SUPPLIED INFORMATION below:

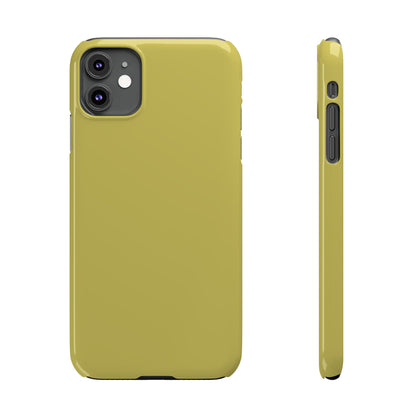 A matte yellow-green phone case shown from the back and side on a plain white background.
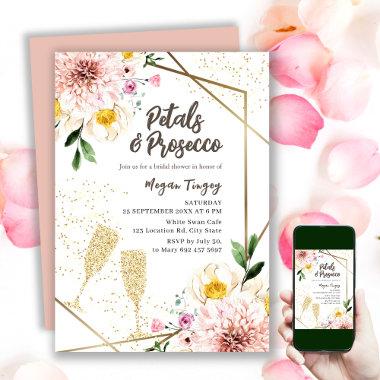 Petals & Prosecco | Floral Pink Bridal Shower Invitations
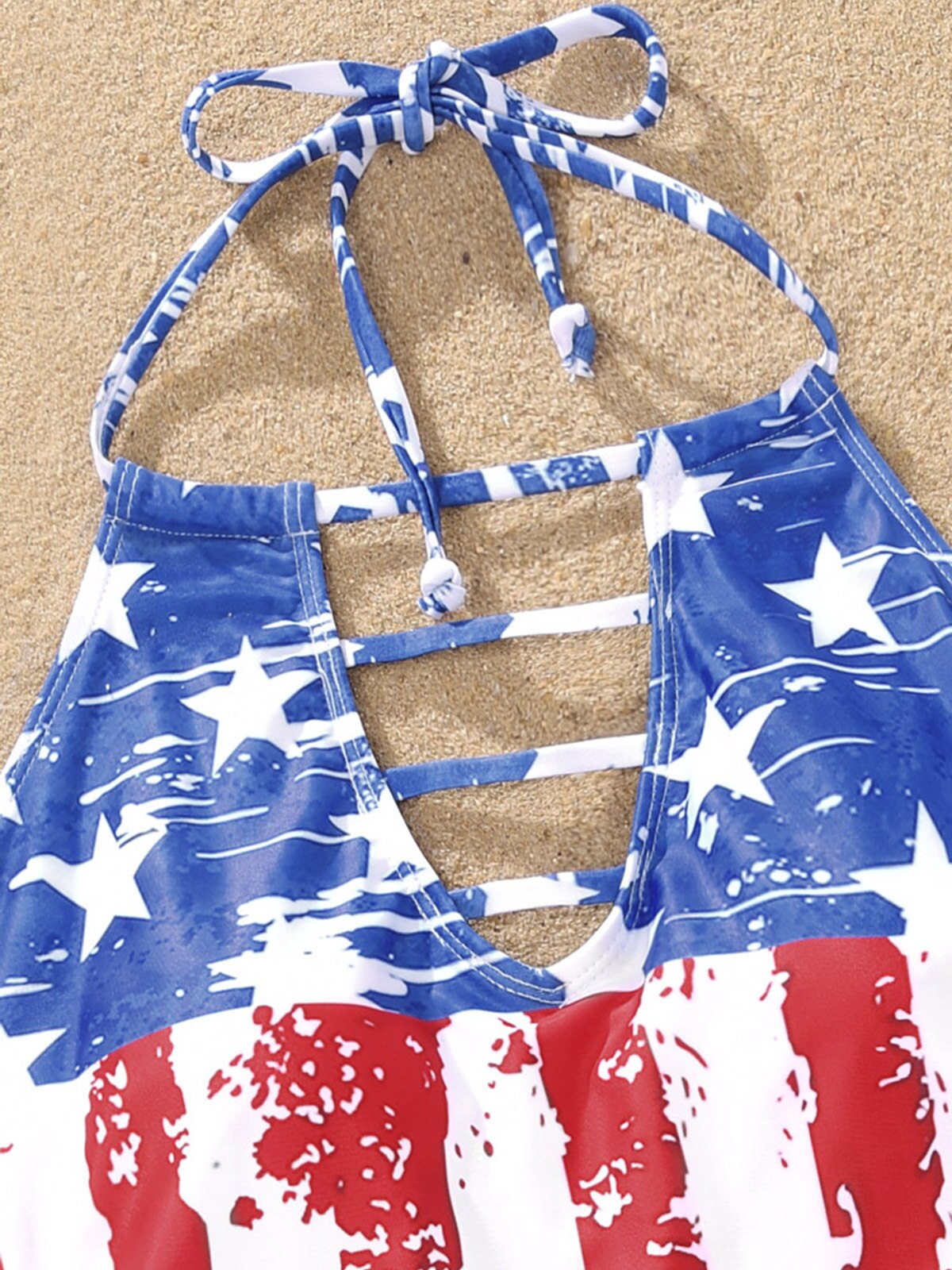 Sexy Women American Flag Hollow Out Drawstring Halter Tankini Set Brazilian Swimsuit 2024 New Bra Two Piece Swimwear Beachwear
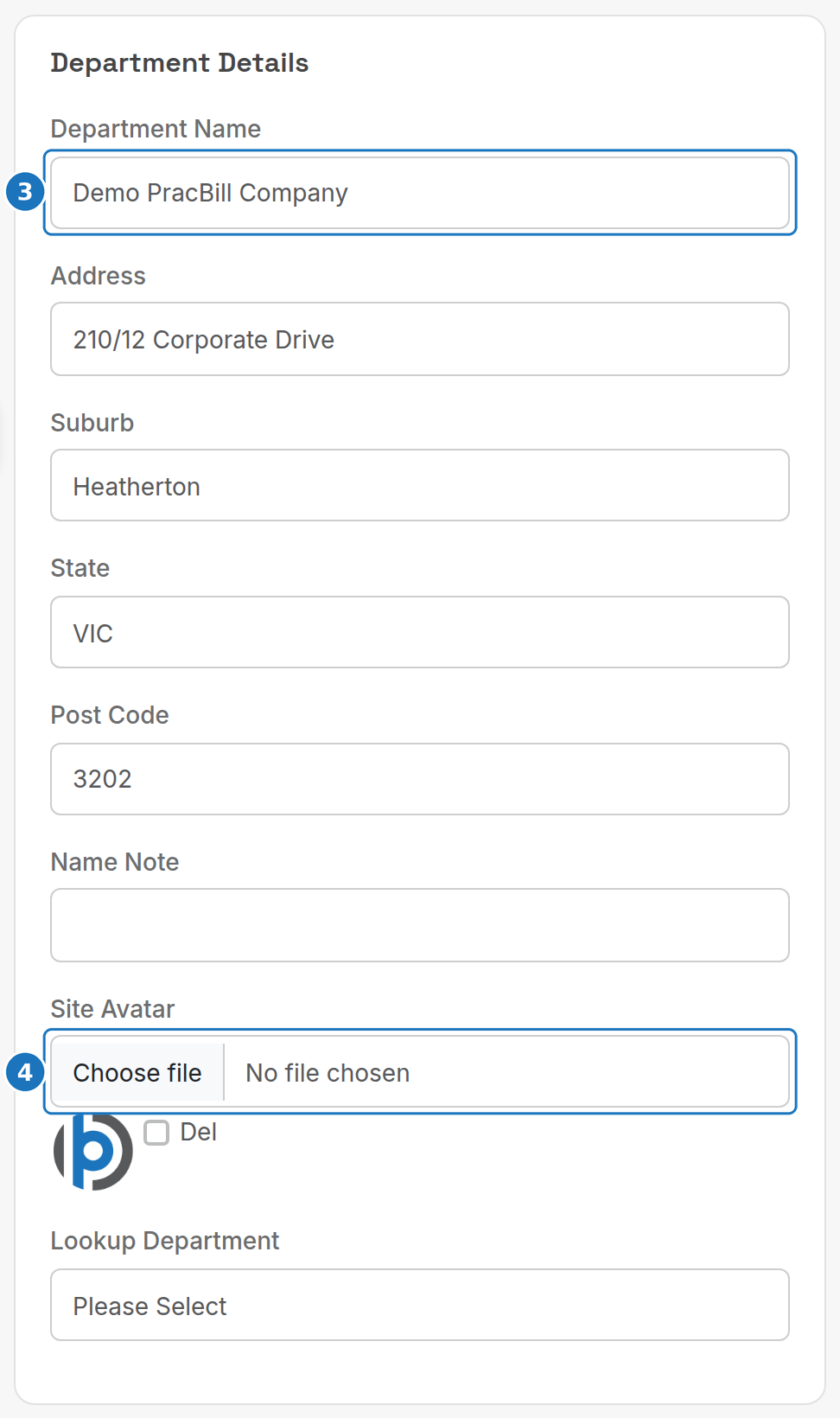 Department Details card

End of SUPPLIED INFORMATION.

■ WHAT YOU HAVE TO DO: Skip the pictures; extract only the lines from the line with "Sexy Women American" through the final line of the material, exactly as they appear.

■ ANSWER SECTION:
 Sexy Women American Flag Hollow Out Drawstring Halter Tankini Set Brazilian Swimsuit 2024 New Bra Two Piece Swimwear Beachwear
 Department Details card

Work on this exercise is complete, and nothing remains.